Полная версия
О бедной сиротке замолвите слово
Даже я с ветки свесилась, чтобы расслышать получше. Умеет же уговаривать, засранец этакий. Рыженькая похлопывала ладошкой по своей руке, но перечить не пыталась.
И думала.
Определенно думала… просчитывала варианты. Полагаю, на изначальном, в котором она счастливо выходила замуж за племянника короля и показывала фиги всем завистникам, Эрика поставила жирный крест, а вот тот, который озвучивался теперь, нашел в ее душе отклик.
– Знаешь, а меня ведь предупреждали, что ты засранец редкостный, – вздохнула она. – Ну ладно… с тебя помощь. Только, чур, реальная, а не это словоплетство…
Айзек рассмеялся.
– Вот теперь я тебя узнаю… и чего хочешь?
– Место в приличной фирме… сам знаешь, у меня последний год, а предложений… – Эрика поморщилась. – Без протекции в столице…
– Будет тебе протекция… и заказ… У тебя браслеты получаются удивительной красоты… я как раз матушке подарок подыскиваю.
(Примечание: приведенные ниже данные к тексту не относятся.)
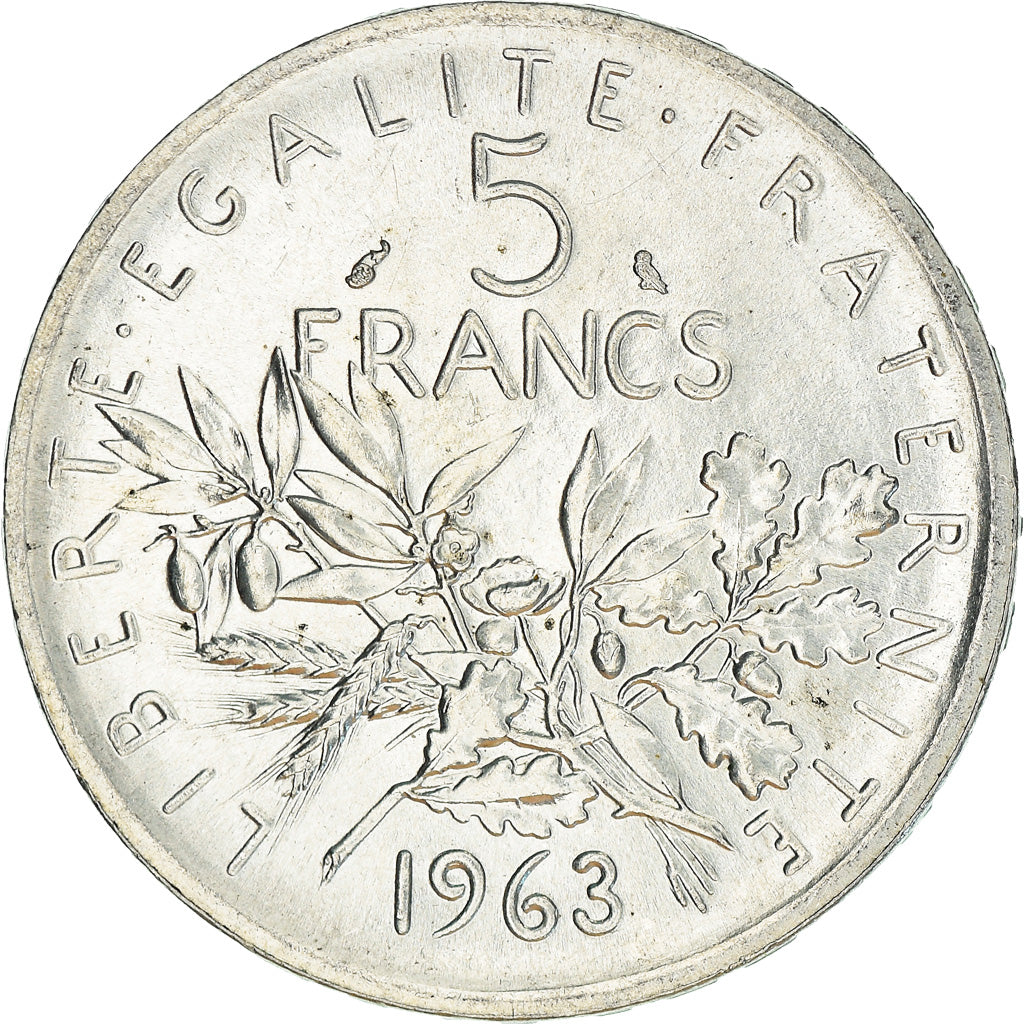 Coin, France, Semeuse, 5 Francs, 1963, Paris, MS(63), Silver, KM:926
Возьмешься?
– С клеймом или без?
– А право есть?
Эрика дернула плечиком и презрительно заметила:
– За кого ты меня принимаешь! Конечно, есть… и в резюме оставлю.
– Договорились…
– Свойства? Металл… лучше возьми лунное серебро… сейчас все помешались на золоте и платине, но как по мне…
– На твой выбор. А свойства…
Дальнейший разговор был малоинтересен, все-таки я пока не так уж хорошо понимала, чем первый уровень защиты отличается от второго и как настроить потоки, если… Сверху я видела две макушки, и со стороны они казались вполне милой парочкой.
Поссорились.
Помирились… с кем не бывает.
А потом рыженькая ушла, и Айзек предложил:
– Спускайся.
– Зачем? – памятуя о последней нашей встрече, спускаться я не хотела. Вообще приближаться к этому типу не хотела.
– Поговорим.
– И так неплохо говорится, – я обняла ветку и прижалась к ней щекой. – И вообще я спать собиралась, а тут вы со своей любовью…
– На дереве?
– У всех свои привычки… Так зачем девушку обидел? Мне показалось, она вполне вменяема. Надоела?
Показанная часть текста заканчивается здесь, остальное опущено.